* YOUR GOAL *
Begin at the top of the following data. Copy each line exactly until you have copied the line containing "Ergonomic PU Leather".
Segment Start: DATA SECTION
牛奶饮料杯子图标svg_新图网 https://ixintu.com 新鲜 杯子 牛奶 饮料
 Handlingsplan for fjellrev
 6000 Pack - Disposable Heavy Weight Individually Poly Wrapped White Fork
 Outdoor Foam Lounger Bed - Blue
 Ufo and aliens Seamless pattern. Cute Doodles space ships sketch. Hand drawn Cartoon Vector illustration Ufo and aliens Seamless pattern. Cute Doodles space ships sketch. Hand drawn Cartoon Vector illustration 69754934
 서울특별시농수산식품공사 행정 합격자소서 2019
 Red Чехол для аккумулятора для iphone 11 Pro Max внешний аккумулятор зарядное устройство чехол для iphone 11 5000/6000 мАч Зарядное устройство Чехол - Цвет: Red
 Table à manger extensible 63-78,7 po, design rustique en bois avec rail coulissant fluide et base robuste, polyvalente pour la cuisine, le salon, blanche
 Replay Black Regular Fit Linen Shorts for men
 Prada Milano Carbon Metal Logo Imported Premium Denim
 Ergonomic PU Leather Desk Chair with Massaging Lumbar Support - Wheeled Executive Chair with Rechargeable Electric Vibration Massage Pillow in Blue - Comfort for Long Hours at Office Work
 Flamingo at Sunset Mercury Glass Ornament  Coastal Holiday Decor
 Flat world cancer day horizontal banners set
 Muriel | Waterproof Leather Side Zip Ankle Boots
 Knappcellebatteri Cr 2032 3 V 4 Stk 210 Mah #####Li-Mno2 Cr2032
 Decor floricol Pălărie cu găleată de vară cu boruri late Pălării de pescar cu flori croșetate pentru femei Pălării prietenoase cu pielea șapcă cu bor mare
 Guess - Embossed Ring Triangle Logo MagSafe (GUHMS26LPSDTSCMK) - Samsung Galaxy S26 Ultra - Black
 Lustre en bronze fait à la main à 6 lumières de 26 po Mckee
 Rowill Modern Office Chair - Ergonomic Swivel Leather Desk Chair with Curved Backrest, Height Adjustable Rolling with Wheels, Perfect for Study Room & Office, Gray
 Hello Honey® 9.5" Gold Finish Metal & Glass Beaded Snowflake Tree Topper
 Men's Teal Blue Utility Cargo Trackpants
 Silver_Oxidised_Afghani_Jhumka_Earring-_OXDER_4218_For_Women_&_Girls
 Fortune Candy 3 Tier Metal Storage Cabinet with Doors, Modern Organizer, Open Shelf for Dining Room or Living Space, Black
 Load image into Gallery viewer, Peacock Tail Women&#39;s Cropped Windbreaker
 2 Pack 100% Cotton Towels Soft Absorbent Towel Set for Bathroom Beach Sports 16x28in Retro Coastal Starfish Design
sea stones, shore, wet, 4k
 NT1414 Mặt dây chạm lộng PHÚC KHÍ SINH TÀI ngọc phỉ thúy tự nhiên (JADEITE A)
Segment End: DATA SECTION
* ANSWER SPACE *
牛奶饮料杯子图标svg_新图网 https://ixintu.com 新鲜 杯子 牛奶 饮料
 Handlingsplan for fjellrev
 6000 Pack - Disposable Heavy Weight Individually Poly Wrapped White Fork
 Outdoor Foam Lounger Bed - Blue
 Ufo and aliens Seamless pattern. Cute Doodles space ships sketch. Hand drawn Cartoon Vector illustration Ufo and aliens Seamless pattern. Cute Doodles space ships sketch. Hand drawn Cartoon Vector illustration 69754934
 서울특별시농수산식품공사 행정 합격자소서 2019
 Red Чехол для аккумулятора для iphone 11 Pro Max внешний аккумулятор зарядное устройство чехол для iphone 11 5000/6000 мАч Зарядное устройство Чехол - Цвет: Red
 Table à manger extensible 63-78,7 po, design rustique en bois avec rail coulissant fluide et base robuste, polyvalente pour la cuisine, le salon, blanche
 Replay Black Regular Fit Linen Shorts for men
 Prada Milano Carbon Metal Logo Imported Premium Denim
 Ergonomic PU Leather Desk Chair with Massaging Lumbar Support - Wheeled Executive Chair with Rechargeable Electric Vibration Massage Pillow in Blue - Comfort for Long Hours at Office Work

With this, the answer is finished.